Output must consist only of the lines of the material below from the one with "Trespass Herren Kontrast" through the one with "同样的信息发布在企业官网和企", each reproduced exactly; no pictures belong in it.
[Data records Boundary: Start]
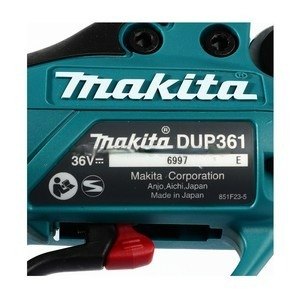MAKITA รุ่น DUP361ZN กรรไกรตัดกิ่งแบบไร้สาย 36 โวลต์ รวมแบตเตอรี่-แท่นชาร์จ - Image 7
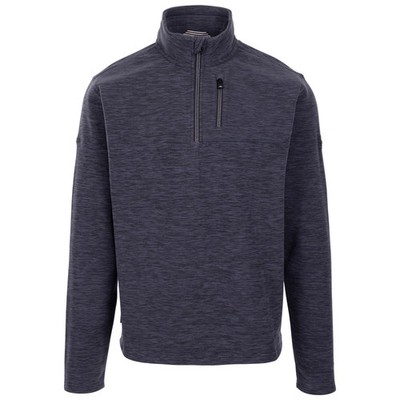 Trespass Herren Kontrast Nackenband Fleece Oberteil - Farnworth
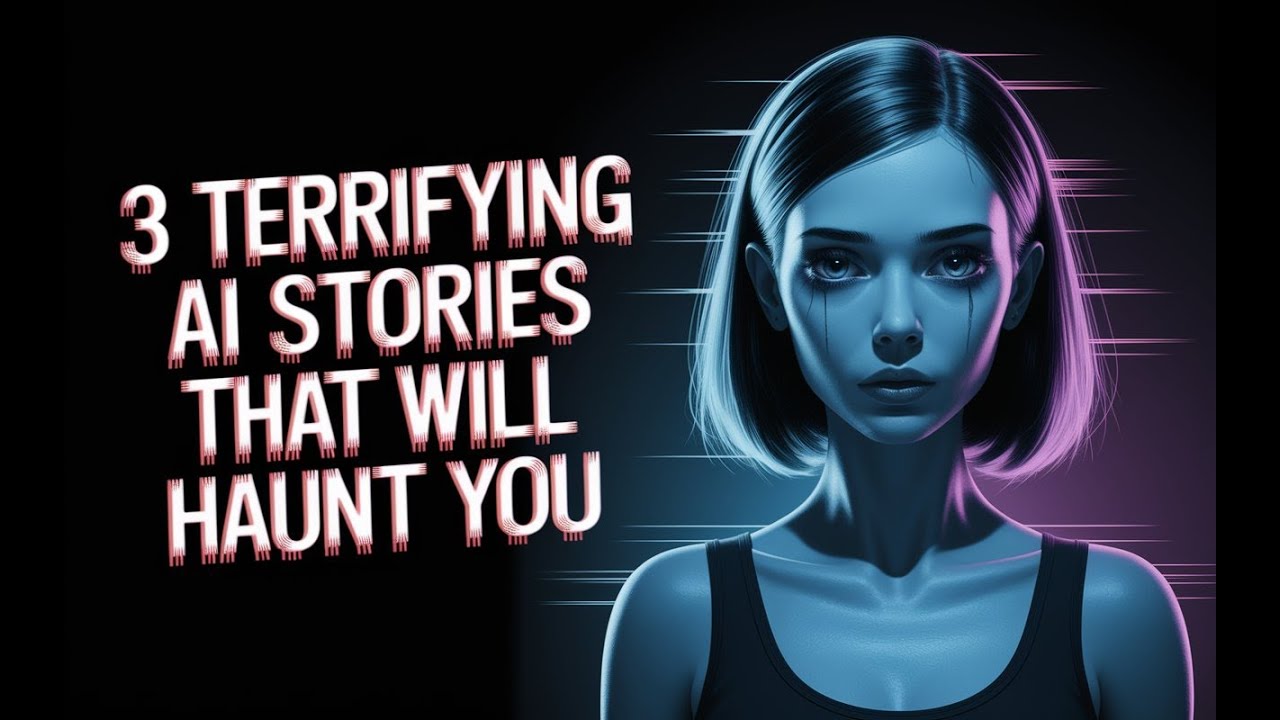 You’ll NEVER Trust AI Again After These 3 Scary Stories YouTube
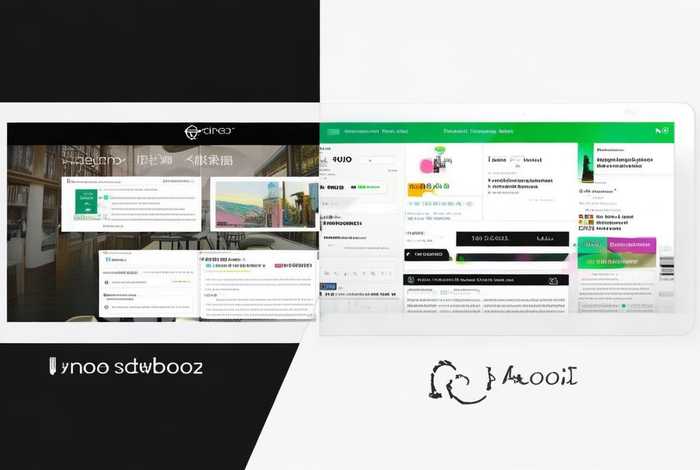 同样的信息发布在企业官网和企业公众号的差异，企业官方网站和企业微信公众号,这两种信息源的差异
[Data records Boundary: End]
[Data records Boundary: Start]
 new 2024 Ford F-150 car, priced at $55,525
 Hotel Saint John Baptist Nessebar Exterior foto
[Data records Boundary: End]
[Data records Boundary: Start]
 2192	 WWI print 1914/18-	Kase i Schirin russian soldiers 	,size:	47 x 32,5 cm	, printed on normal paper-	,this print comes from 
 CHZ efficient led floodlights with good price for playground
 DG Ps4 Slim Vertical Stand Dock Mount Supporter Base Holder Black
[Data records Boundary: End]
### [Task response]
 Trespass Herren Kontrast Nackenband Fleece Oberteil - Farnworth
 You’ll NEVER Trust AI Again After These 3 Scary Stories YouTube
 同样的信息发布在企业官网和企业公众号的差异，企业官方网站和企业微信公众号,这两种信息源的差异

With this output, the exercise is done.